It’s not news that growing older comes with physical and mental challenges. Frailty is one. Weakness, slow walking speed, low physical activity, self-reported exhaustion and unintentional weight loss are common signs.

Seven to 12 percent of folks 65 years and older are considered frail, and the condition affects up to half of adults 80 years and older. That’s why the prevention and management of frailty is a high priority in public health and clinical practice. So, what helps reduce or even prevent the condition as we get older? According to a recent study published in Annals of Internal Medicine, the answer may be yoga.

Researchers from Brigham and Women’s Hospital and Harvard Medical School came to this conclusion after they reviewed the findings of 33 randomized controlled trials which included nearly 2,400 participants 65 years or older.

“It’s never too late to start a yoga practice or exercise regimen to help with your overall health status in your later years.”

The goal was to evaluate the benefit of yoga-based interventions on frailty in seniors. They considered yoga’s effect on gait speed, balance, grip strength, leg strength and endurance, and measures of overall physical performance taking into account strength, endurance and balance.

“When you look a whole person, especially an older person, there may be a number of difficulties that each contribute to frailty,” first author of the study, Julia Loewenthal, of the Division of Aging at Brigham and Women's Hospital, and Harvard Medical School, said in a press release. “Since yoga is an integrative practice that impacts multiple areas of health, it may be effective for preventing a syndrome like frailty, which has multiple causes.”

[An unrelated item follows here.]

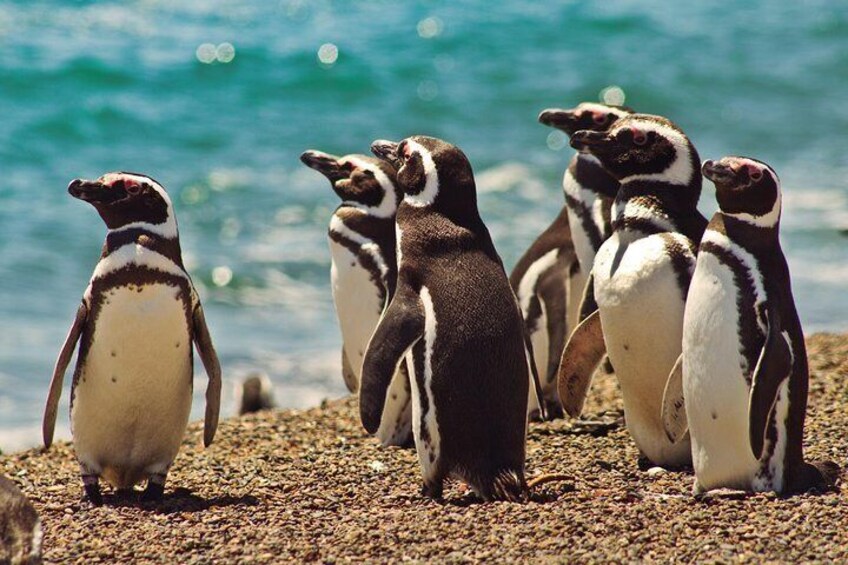 Exclusive Peninsula Valdes Penguins with lunch and entry fees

There was moderate evidence that yoga improved gait speed, lower body strength (which helps us rise from a chair) and endurance when seniors doing some form of yoga were compared to education-only, or inactive control groups. The authors emphasized the clinical importance of this finding given prior research showing that slower walking speeds are connected to a higher risk of death in older adults. However, yoga’s benefit for balance and handgrip strength were less impressive.

Still, the findings offered hope. “There’s potential for movement-based mind-body practices to be really helpful for promoting healthy aging over the lifespan because they provide a physical and cognitive health benefit, but also because they have a spillover effect that can lead to having a healthier lifestyle overall,” Loewenthal said. “It may be helpful to get involved in a healthy practice like this at a younger age, but with that said, we still saw clinically meaningful results in an older population. It’s never too late to start a yoga practice or exercise regimen to help with your overall health status in your later years.”

There are several different types of yoga practices: Hatha, Iyengar, Vinyasa, hot yoga and Ashtanga. The authors of the study recommend an Iyengar-based style for seniors because it is a gentle approach emphasizing precise body alignment and the use of props like blocks that make it easier to get into a position.

Other options for seniors — depending on individual limitations — include chair yoga and restorative yoga. Both focus on slow and controlled movements. No matter what yoga style you choose, the key is to work within the limits of your body to avoid injury. To help to develop a consistent practice, aim to do it a few times each week, ideally in a class setting for at least one of those sessions. If you are housebound there are live online classes to join which still provide a sense of community.

Try a yoga pose at home. You can do this gentle twist while sitting in a chair. Here’s how:

  • Sit sideways on the chair, facing to the left.
  • With your hands on either side of the back of the chair, twist your torso toward the left, holding onto either side of the back of the chair, for a spinal twist.
  • Lengthen your spine on each inhale and twist on each exhale for five breaths.
  • Move your legs around to the right side of the chair and repeat the twist to the right side.